WPA3 (Wi-Fi Protected Access 3)
The current generation of Wi-Fi Protected Access (WPA) whose goal is to deliver a suite of features to simplify security configuration for users while enhancing network security protections.
Counter Mode with Cipher Block Chaining Message Authentication Code Protocol (CCMP)
The encryption protocol used for WPA2 that specifies the use of a general-purpose cipher mode algorithm providing data privacy with AES.
5G
The fifth-generation wireless broadband technology based on the 802.11ac standard engineered to greatly increase the speed and responsiveness of wireless networks
Baseband
The original frequency range of a transmission signal before it is converted to a different frequency range.

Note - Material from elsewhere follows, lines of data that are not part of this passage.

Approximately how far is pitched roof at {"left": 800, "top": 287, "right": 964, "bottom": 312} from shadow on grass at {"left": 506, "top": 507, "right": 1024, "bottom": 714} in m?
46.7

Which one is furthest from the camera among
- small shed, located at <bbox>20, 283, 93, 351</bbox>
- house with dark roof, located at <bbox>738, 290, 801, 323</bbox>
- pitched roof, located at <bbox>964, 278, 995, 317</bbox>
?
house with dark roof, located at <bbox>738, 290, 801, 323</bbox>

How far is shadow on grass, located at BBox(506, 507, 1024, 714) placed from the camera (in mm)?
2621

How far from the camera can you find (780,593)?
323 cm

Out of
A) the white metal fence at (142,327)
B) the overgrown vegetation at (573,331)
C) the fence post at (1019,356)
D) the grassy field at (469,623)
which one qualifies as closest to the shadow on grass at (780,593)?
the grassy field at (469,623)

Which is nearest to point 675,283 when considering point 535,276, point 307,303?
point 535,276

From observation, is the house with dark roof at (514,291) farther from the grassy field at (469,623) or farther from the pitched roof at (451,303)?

Wi-Fi protected access 2 (WPA2)
The second generation of WPA security from the Wi-Fi Alliance that addresses authentication and encryption on WLANs and is currently the most secure model for Wi-Fi security.
EAP-FAST (EAP Flexible Authentication via Secure Tunneling)
This protocol securely tunnels any credential form for authentication (such as a password or a token) using TLS.
EAP-TTLS (Extensible Authentication Protocol-Tunneled Transport Layer Security)
This protocol securely tunnels client password authentication within Transport Layer Security (TLS) records.